A gauche et en face, personne. A droite, une multitude de gens. Tous assis et plus ou moins confortablement installés. Ne pas les regarder. Marcher. Il lui fallait rejoindre les escaliers. Ce n'était pas la première fois qu'il venait ici. Il connaissait les lieux par coeur et eut l'avantage de pouvoir se faufiler sans être intercepté.

3 étages à monter par les escaliers. C'est long. Il y a quelques temps de cela, il n'aurait jamais croisé personne dans les escaliers. Mais depuis la campagne "Mangez sept fruits et légumes par jours et faites trente minutes de sport quotidien", il avait remarqué que de plus en plus de personnes préféraient les marches aux ascenseurs. Tout ceci ne l'arrangeait pas mais il put tout de même atteindre le troisième étage sans trop de difficultés.

Tout semblait se passer comme prévu. Personne ne l'avait encore reconnu. Personne ne l'avait arrêté. Personne ne l'avait encore expulsé.

Maintenant, il fallait trouver une pièce déserte. C'est là que résidait toute la difficulté de sa mission. Il ne fallait pas paraître perdu. Il ne fallait pas montrer qu'il cherchait quelque chose. Il ne fallait pas hésiter. Il devait foncer et tomber juste! Rien ni personne ne devait l'interrompre. Comme seule arme à sa disposition, il bénéficiait de son expérience en la matière, qui lui avait appris à déjouer certains pièges.

Il repérait d'un coup d'oeil les pièces vides de celles qui étaient occupées. Il prit alors le couloir de droite. Des lumières clignotaient sur les portes. Il continua de marcher. Il tourna à gauche, croisa deux jolies femmes tout de blanc vêtues, les salua poliment. Il passa devant les ascenseurs et continua. Il ralentit le pas. Une allure trop rapide, conséquence de son stress n'aurait fait qu'éveiller les soupçons sur lui, pensa-t-il. Il prit alors le temps de saluer chaque personne croisée, une à une.

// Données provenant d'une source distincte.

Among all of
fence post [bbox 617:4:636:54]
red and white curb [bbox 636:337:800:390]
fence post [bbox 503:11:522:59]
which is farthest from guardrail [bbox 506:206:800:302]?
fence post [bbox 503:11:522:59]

Il vit une porte entrouverte. Il jeta un oeil discrètement, après s'être assuré que personne ne le regardait. Il vit à l'intérieur un lit bien fait. Pas de chaussons au pied du lit. Pas de vêtements sur les chaises. La chambre paraissait déserte de l'extérieur. Il entra sans frapper avant de bien refermer la porte derrière lui.

Il se dirigea vers l'armoire. Il fallait être sûr qu'il n'y eut personne. On ne devait pas l'accuser de vol et on ne devait pas le déranger. Il poussa alors la porte coulissante de l'armoire et s'aperçut que les étagères étaient vides. Bingo! Lança-t-il à mi-voix.

Il
se réfugia dans la salle de bain au fond de la chambre et se déshabilla aussi vite qu'il put le faire. Nu comme un ver, il se glissa alors sous une bonne douche chaude et en profita pendant de longues minutes. Il se délassa, se décrotta, se savonna et prit même le temps de se laver les dents. Étant SDF depuis quelques années, il ne pouvait pas se payer le luxe de se doucher tous les jours. Néanmoins, il tenait de temps en temps à se laver. Où pouvait-il se laver plus facilement que dans une chambre de clinique? L'eau était chaude, pas d'agent de sécurité à l'entrée, une serviette, du savon, un lit pour se reposer...

Un autre homme sorti de la douche. Il était propre et souriant. Il fut prit d'une bonne humeur qui le poussa presque à siffloter Für Elise de Beethoven. C'était la chanson préférée de sa mère qui l'avait élevé seule pendant seize ans. Elle était très autoritaire. Leurs contacts se limitaient à "Bastien fait ceci! Bastien fait cela!". Elle était ensuite décédée d'un cancer du foie, certainement dûe à la quantité faramineuse d'alcool qu'elle ingurgitait quotidiennement. Bastien s'était alors retrouvé à devoir se débrouiller seul. C'est alors qu'il se mit à mendier. Un bruit le coupa net dans sa réflexion.

Quelqu'un venait. Il se réfugia dans la salle de bain.

Une personne habillée en blanc ouvrit la porte de la chambre qu'il pensait avoir laissé entrouverte.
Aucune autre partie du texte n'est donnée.